Mizpah (Judges 20)
Illustration: Tell en-Nasbeh
Approximately 11 km northwest of Jerusalem lies Tell en-Nasbeh, a mound nearly 260 m long by nearly 130 m wide, covering atotal surface area of about 7,7 acres. Most scholars identify this site with the Biblical Mizpah. Little is known about Mizpah during the pre-monarchial period because the city is seldom mentioned in texts and few archaeological from this area have been discovered. Excavations between 1926 and 1935 unearthed three tombs, two caves and various fragments of pottery from the Late Chalcolithic and Early Bronze I periods, which predate any Biblical reference.
Judges identifies Mizpah as the assembly point for a combined Israelite military force that attacked the Benjamites at Gibeah (Judges 20:1). Mizpah’s central location on the watershed highway between Ramah and Bethel would have made it a natural mustering point, even if no archaeological record of a major settlement exists from that period. The force then moved north to Bethel to inquire of the Lord before launching its attack, and Mizpah played no further role in the account.
By the time of Samuel, Mizpah had become an important regional centre. The prophet summoned all the Israelites there to seek forgiveness for their idolatry. While the assembled Israelites were fasting before the Lord, the Philistines launched an attack, but God intervened with thunder and scattered them (1 Samuel 7:5-11). After this Samuel , who was serving as Israel’s judge, returned to Mizpah each year as part of a circuit that also included Bethel and Gilgal (1 Samuel 7:18). It was also at Mizpah that Samuel revealed Saul as Israel’s first king (1 Samuel 10:17-21). Philistine and other local pottery, along with the remains of rock-cut cisterns and houses, attests to a resurgence of population around the time of Samuel, as the Biblical text suggests.

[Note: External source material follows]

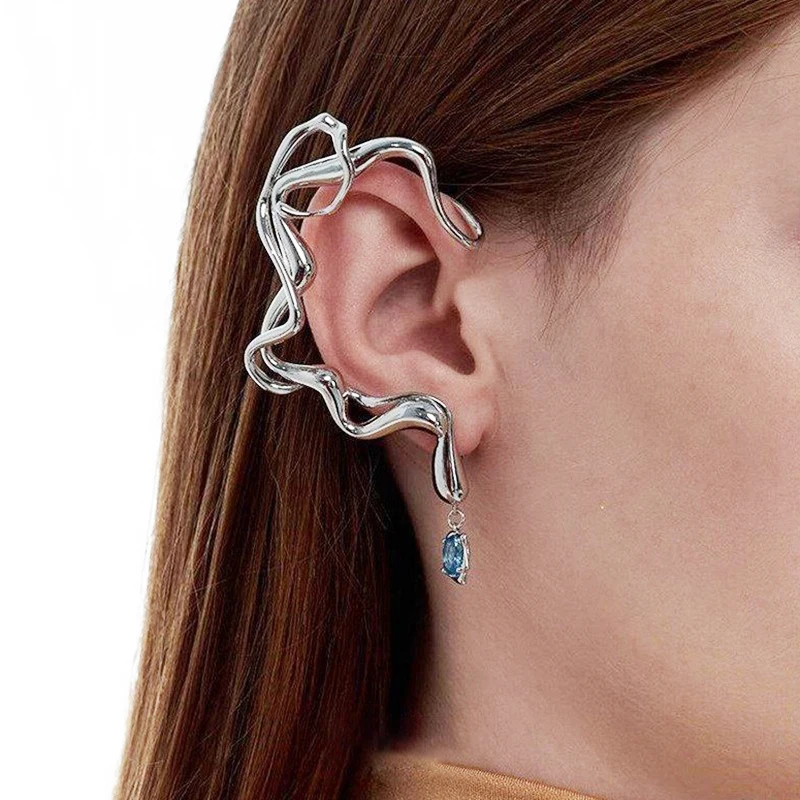 

GSOLD Geometric Irregular Hollow Metal Earhooks Drop-Shaped Rhinestone Silver Color Left Ear Hook 1PCS Women Fashion Jewelry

During the divided monarchy, Mizpah was a border city between Israel and Judah. In approximately 895 B.C. king Baasha of Israel pushed his territory south as far as Ramah and built a fortification there (1 Kings 15:17-22, 2 Chronicles 16:1-6). This cut off Judah’s primary land route to the coastal plain. King Asa of Judah responded by bribing the Arameans to attack Israel from the north. Baasha had to redirect his forces to this northern front, and Asa seized the opportunity to dismantle the Israelite fortification at Ramah. He then used the materials to construct Judahite strongholds farther north in Mizpah and Geba.
Excavations at Tell en-Nasbeh have revealed the remains of a massive defensive construction of the early ninth century B.C. A wall roughly shaped and plastered stones reached a height of nearly 14 m and was reinforced by a series of ten towers. A stone glacis (slope at the base of the fortification wall) ended in a dry moat 5 m wide and 2 m deep, while a double gate complex protected the entrance to the city. It is the only fortification of this type in the region. Houses were built against the inside of the wall. Remains of olive oil presses and storage bins from the period have also been unearthed, along with a cemetery on a ridge just outside the city. These finds confirm that Asa expended considerable resources in the strengthening of this crucial defensive position.
Following the Babylonian destruction of Jerusalem and most of Judah in 586 B.C., Mizpah became the residence of Gedaliah, the Babylonian-appointed governor of Judah (2 Kings 25:23, Jeremiah 40:1-41:16). Gedaliah’s tenure was short-lived, for Ishmael, son of Nethaniah, and some other political insurgents assassinated him less than six months after his arrival in Mizpah. The city continued to serve as the regional capital until at least the time of Negemiah. During this era of Babylonian control, larger, more elaborate private dwellings and public buildings replaced the smaller houses of Asa’s time.
Subsequent Biblical references to Mizah are few and brief. Even so, numerous examples of Persian seals and seal impressions, pieces of Greek and Roman pottery and other items suggest virtually continuous habitation on the mound throughout antiquity. The cemetery at Mizpah remained in use until the Byzantine period, when a Christian church was constructed nearby.